**Task prompt:** Of the entries below, return only those lines from the line with "holding tablet PC" to the line with "アンティークオルゴールの前で", exactly, both included.

Dataset entries
● ● ●
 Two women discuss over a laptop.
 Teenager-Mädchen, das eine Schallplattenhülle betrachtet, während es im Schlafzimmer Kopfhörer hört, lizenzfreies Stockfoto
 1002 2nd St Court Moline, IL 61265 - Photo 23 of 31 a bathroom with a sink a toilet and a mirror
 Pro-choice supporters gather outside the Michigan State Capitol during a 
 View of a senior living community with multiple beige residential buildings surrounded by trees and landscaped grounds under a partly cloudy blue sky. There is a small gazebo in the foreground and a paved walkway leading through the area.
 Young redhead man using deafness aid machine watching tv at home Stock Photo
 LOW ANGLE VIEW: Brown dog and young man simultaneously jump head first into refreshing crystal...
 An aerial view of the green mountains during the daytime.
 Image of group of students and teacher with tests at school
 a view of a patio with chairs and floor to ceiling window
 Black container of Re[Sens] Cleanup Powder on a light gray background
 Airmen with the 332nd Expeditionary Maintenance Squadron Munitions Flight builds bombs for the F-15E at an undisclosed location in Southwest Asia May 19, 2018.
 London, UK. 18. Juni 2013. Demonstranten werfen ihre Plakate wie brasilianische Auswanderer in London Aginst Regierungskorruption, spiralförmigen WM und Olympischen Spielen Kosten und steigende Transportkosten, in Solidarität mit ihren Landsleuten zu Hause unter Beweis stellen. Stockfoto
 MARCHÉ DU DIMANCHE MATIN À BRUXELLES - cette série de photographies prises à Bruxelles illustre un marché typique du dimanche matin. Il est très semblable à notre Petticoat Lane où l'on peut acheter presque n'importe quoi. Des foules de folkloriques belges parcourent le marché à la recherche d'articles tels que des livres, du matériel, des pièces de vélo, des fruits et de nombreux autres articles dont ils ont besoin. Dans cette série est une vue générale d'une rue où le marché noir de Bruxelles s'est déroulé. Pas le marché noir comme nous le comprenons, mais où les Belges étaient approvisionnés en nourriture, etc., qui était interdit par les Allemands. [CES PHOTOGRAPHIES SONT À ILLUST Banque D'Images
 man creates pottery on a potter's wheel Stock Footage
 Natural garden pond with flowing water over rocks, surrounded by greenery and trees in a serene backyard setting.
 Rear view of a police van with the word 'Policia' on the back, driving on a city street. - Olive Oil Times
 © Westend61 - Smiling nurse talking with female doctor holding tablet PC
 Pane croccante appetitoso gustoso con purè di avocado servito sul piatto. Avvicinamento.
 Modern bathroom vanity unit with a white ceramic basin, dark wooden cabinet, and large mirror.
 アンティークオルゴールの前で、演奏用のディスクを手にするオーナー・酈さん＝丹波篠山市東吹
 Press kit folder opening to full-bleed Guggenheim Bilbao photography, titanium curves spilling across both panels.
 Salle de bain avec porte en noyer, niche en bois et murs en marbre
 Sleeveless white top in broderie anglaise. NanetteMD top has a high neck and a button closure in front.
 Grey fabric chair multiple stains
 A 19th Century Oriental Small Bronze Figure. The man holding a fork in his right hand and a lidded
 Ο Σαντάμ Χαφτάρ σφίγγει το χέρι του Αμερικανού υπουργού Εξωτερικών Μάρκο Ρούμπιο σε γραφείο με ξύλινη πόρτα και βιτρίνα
● ● ●
**Your solution:**
 © Westend61 - Smiling nurse talking with female doctor holding tablet PC
 Pane croccante appetitoso gustoso con purè di avocado servito sul piatto. Avvicinamento.
 Modern bathroom vanity unit with a white ceramic basin, dark wooden cabinet, and large mirror.
 アンティークオルゴールの前で、演奏用のディスクを手にするオーナー・酈さん＝丹波篠山市東吹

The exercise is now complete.